Aku harus menghubungi Andra, sebelum aku mati.
"Halo, Ndra"
"Res, ada apaan?"
"Gue mau barang ndra, ada nggak?"
"Ada uang ada barang."
"Ndra please. Gue butuh banget"
"Sori Res, kali ini gue nggak bisa bantu. Gue lagi butuh duit buat bayar kuliah"
"Ndra, kali ini aja bantu gue. Besok semua gue bayar. Gue sakaw, Ndra"
"Bukannya gue nggak mau bantu, Res. Tapi barang gue tingggal dikit. Kemarin udah gue buat pesta ama anak-anak. Atau gini aja, gue punya kenalan dia punya barang banyak dan bagus"
"Iya dech Ndra tolong bantu gue"
Terdengar Andra bercakap-cakap dengan seseorang, tapi aku tak begitu jelas mendengar. Aku terlalu sakit untuk mendengar lebih jelas lagi. Tulangku bagai ada yang menusuk-nusuk. Linu dan Dingin. Sakit.
Setelah sekian lama
"Halo, Res. Lo masih ada disitu" kata Andra kemudian
"Iya. Halo" jawabku semakin lirih
"Ada barangnya, Res. tapi ada syaratnya" Kata Andra kepadaku.
Demi mendengar barang yang kubutuhkan tersedia, sontak timbul sedikit semangatku.
"Syarat apapun gue setuju, Ndra"
"Dia minta lo tidur ama dia semalem"
"Anjrit, apa lo bilang?! Lo pikir gue apa!!"
"Ya gue cuma bantu lo aja, kalau lo keberatan nggak maksa juga."
Dadaku bergemuruh, tapi rasa ini begitu menusuk-nusuk. Berasa mau terlepas nyawa ini dari raga. Dengan berat hati aku berkata.
"Ok.
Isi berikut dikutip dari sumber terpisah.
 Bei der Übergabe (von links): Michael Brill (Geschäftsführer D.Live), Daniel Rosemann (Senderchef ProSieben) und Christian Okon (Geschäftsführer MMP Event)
Gue setuju" menetes air mataku, entah karna nasibku yang harus terjerumus dalam belenggu narkoba atau menangis karna sakaw yang ku alami ini.
Kusetujui sebuah tempat untuku bertemu dan bergegas aku menuju kesana.
Dalam pikiranku saat itu hanya satu. Ternyata semua laki-laki sama saja. Membuatku muak!